Digitale innovaties zoals bijvoorbeeld apps, smartwatches, AI toegepast op medische beelden en thuistesten zijn hard nodig om de zorg betaalbaar en bemensbaar te houden. Maar niet elke innovatie draagt daaraan bij en daarom is het essentieel om hun waarde goed te evalueren. Dat zegt Erik Koffijberg, hoogleraar technology assessment van digitale gezondheidsinnovaties, in zijn oratie op vrijdag 15 december.
Veel innovaties zijn gericht op verbetering van kwaliteit van zorg maar maken tegelijkertijd de zorg duurder. Slechts 20% van de innovaties maakt de zorg beter én goedkoper. Volgens Koffijberg is dat niet per se een probleem. Hij zegt: “Als we maar weten welke innovatie wel en welke niet bijdraagt aan de houdbaarheid van de zorg. We hebben op dit moment nog te weinig zicht op welke digitale innovaties meerwaarde hebben. Qua evaluatie doen we dat bij medicijnen een stuk beter.”
Maar digitale innovaties zijn geen medicijnen. Een medicijn wordt gedurende vijf tot tien jaar ontwikkeld, in klinische studies onderzocht, en daarna eenmalig op meerwaarde geëvalueerd. Digitale innovaties worden daarentegen super snel ontwikkeld én continu doorontwikkeld. “Het zijn ‘moving targets’ die niet te evalueren zijn met traditionele methoden en klinische studies”, aldus Koffijberg. Om toch de meerwaarde van digitale innovatie in te kunnen schatten werkt Koffijberg in zijn onderzoek met simulatiemodellen. “Daarin simuleren we de zorgpaden die patiënten doorlopen in hun leven, met en zonder het gebruik van de innovatie, en vergelijken daarna de bijbehorende consequenties voor kwaliteit van leven en levensverwachting, zorgkosten en inzet van zorgpersoneel. Die modellen gebruiken we nu al voor eenmalige evaluaties, maar kunnen we eenvoudig veel vaker inzetten, en dat is bij digitale innovaties essentieel.”

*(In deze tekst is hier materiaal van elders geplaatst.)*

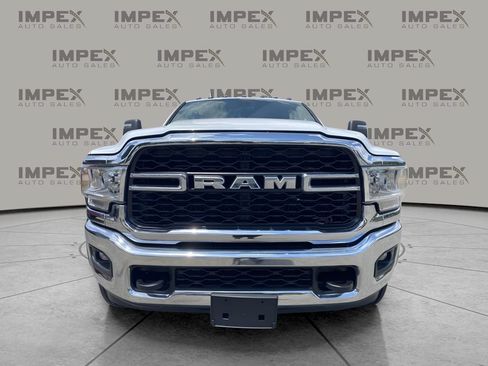 Used 2024 RAM 5500 Tradesman w/ Chrome Appearance Group AWD/4WD image 9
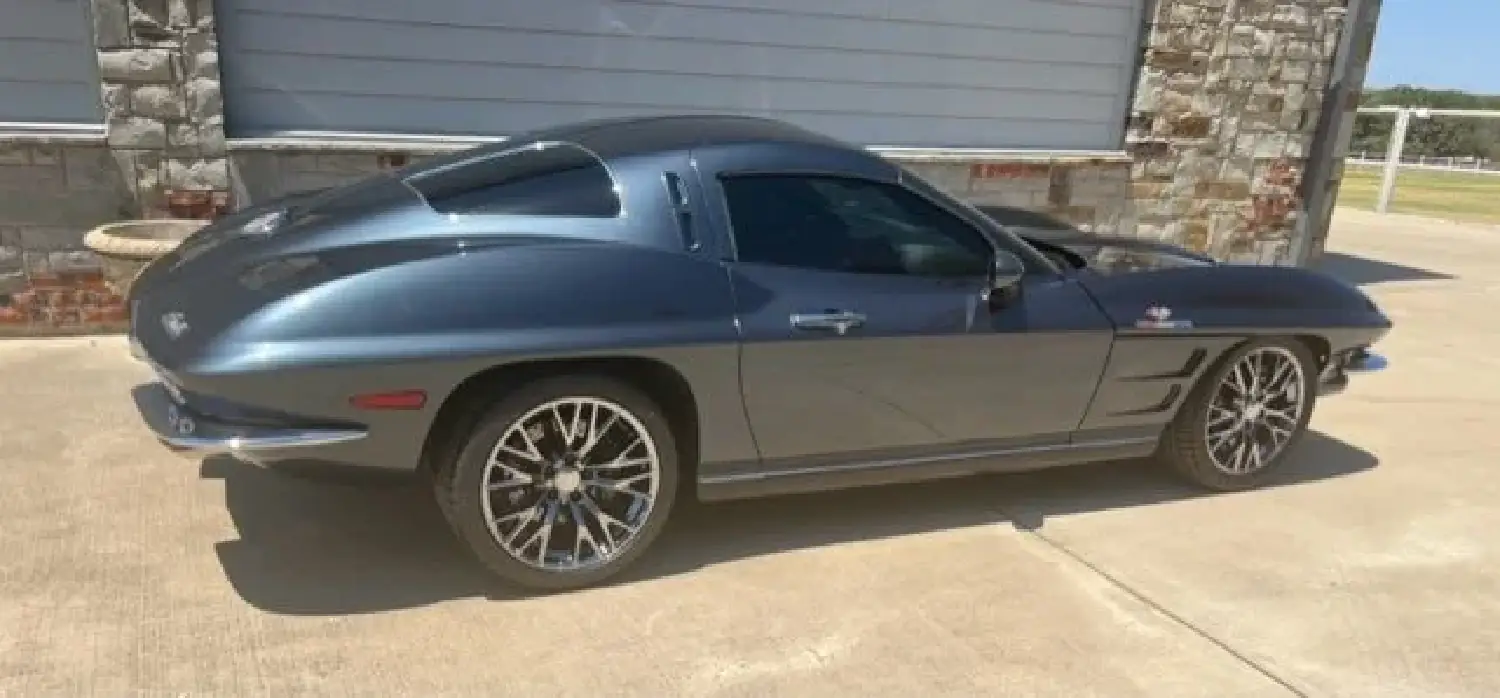 CR Coachworks 1963 Black Retrovette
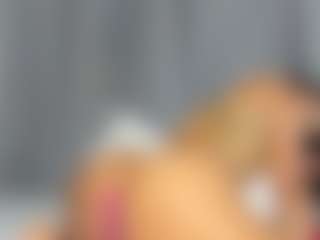 Hot-Mamacitah's Live Sex Cam Show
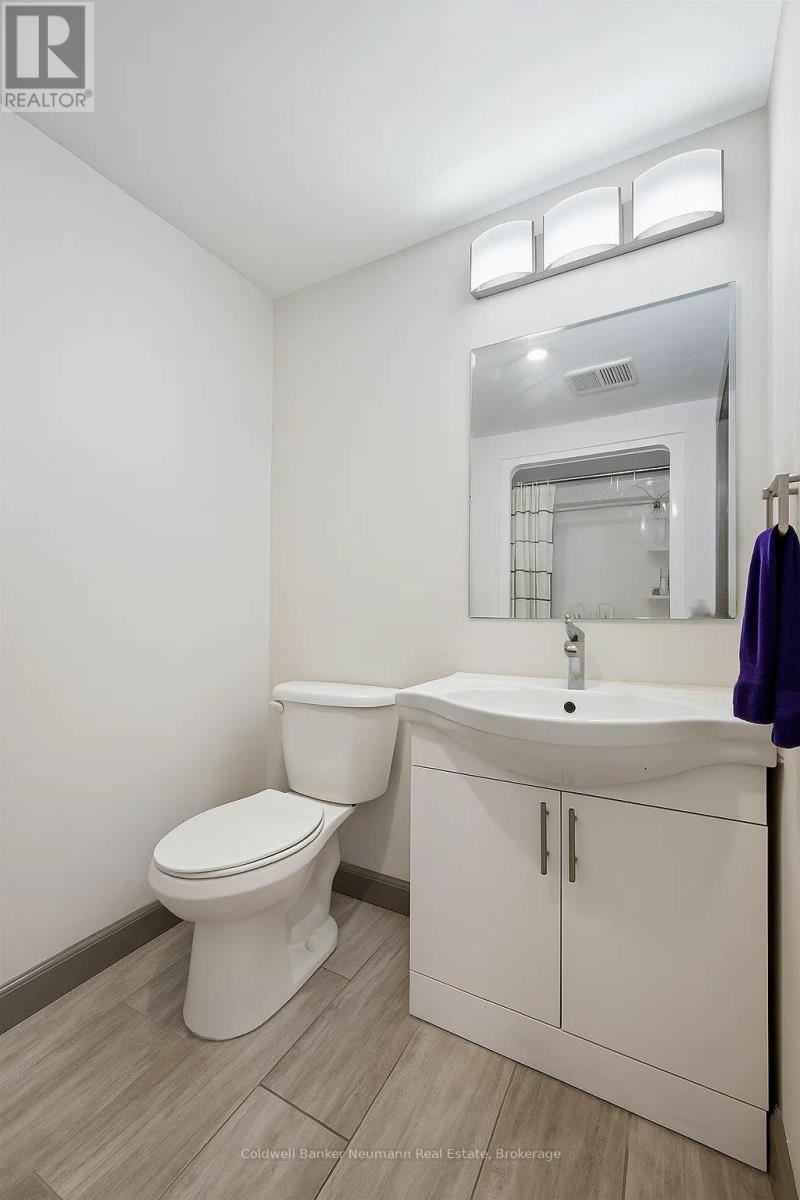 227 - 258b Sunview Street, Waterloo, Ontario  N2L 0H7 - Photo 6 - X12390687
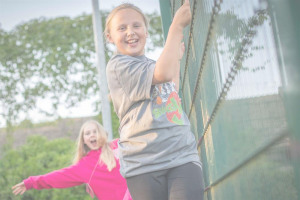1639.jpg - Learning through play in Minchinhampton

Om meer grip te krijgen op de waarde van digitale innovaties pleit Koffijberg in zijn oratie voor een meer continue evaluatie. “In het geval van digitale innovaties is de evaluatie van vandaag, morgen alweer verouderd.” Juist simulatiemodellen kunnen worden ingezet voor continue evaluatie, doordat zij als nieuwe data en inzichten beschikbaar komen, direct een nieuwe schatting van meerwaarde kunnen geven. Koffijberg: “Continue ontwikkeling moet samen op gaan met doorlopende dataverzameling en continue revaluatie. Dat lukt alleen als ontwikkelaars, simulatie-experts en eindgebruikers daar gezamenlijk op inzetten.”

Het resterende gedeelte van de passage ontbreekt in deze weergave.